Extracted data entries
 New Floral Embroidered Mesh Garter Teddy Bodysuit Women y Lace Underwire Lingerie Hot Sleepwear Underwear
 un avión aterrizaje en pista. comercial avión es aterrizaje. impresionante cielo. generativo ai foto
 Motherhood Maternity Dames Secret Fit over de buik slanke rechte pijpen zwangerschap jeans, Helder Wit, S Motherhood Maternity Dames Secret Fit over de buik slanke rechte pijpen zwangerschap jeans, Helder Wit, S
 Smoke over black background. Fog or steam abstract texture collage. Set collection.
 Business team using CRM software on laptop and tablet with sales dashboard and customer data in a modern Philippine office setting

==

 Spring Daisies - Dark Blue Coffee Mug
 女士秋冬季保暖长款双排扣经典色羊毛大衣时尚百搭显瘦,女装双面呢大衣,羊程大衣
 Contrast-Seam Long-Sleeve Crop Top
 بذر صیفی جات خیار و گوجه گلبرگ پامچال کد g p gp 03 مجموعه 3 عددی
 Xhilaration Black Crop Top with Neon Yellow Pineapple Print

==

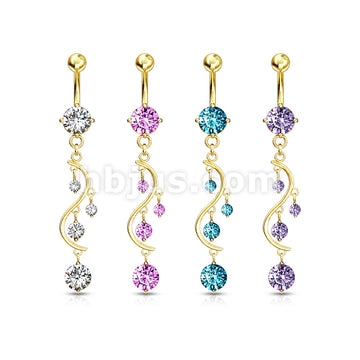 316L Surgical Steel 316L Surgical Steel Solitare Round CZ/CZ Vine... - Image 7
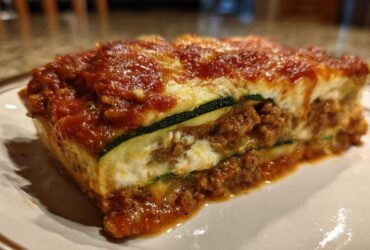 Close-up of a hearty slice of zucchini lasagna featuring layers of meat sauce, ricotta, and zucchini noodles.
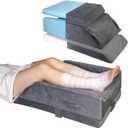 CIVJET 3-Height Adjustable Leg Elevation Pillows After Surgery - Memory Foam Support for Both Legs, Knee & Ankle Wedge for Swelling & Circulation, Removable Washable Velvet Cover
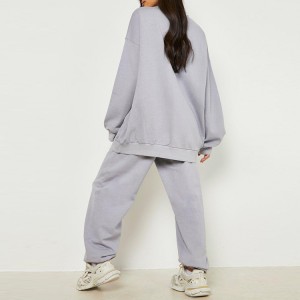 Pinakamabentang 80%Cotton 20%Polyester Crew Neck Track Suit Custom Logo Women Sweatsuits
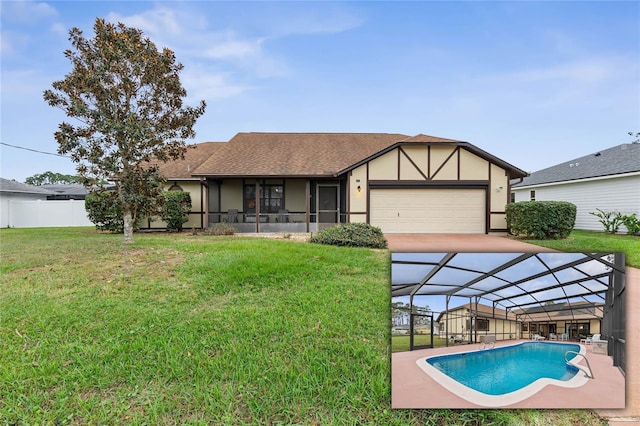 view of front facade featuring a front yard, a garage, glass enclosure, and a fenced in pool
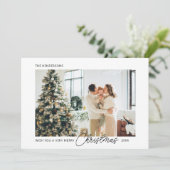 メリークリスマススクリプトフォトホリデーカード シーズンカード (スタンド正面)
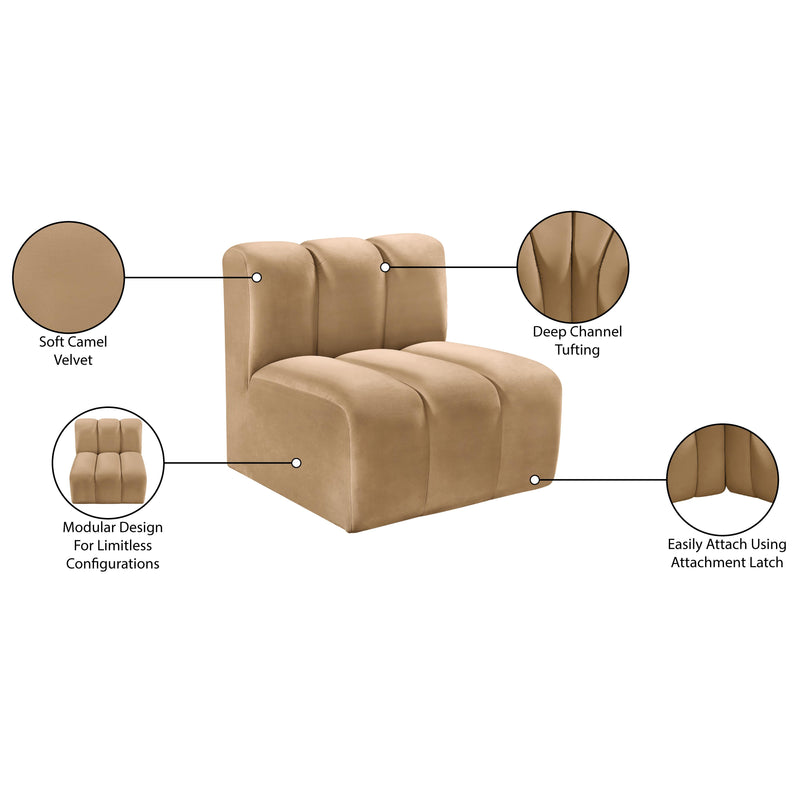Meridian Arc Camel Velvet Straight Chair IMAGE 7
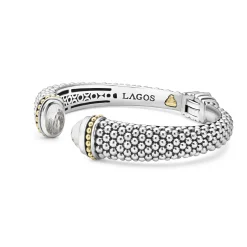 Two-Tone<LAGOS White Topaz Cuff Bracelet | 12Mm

■ Problem requirements ■
Every line above that includes the word "Crop" must appear in the answer.

■ Reply to the task ■
 Contrast-Seam Long-Sleeve Crop Top
 Xhilaration Black Crop Top with Neon Yellow Pineapple Print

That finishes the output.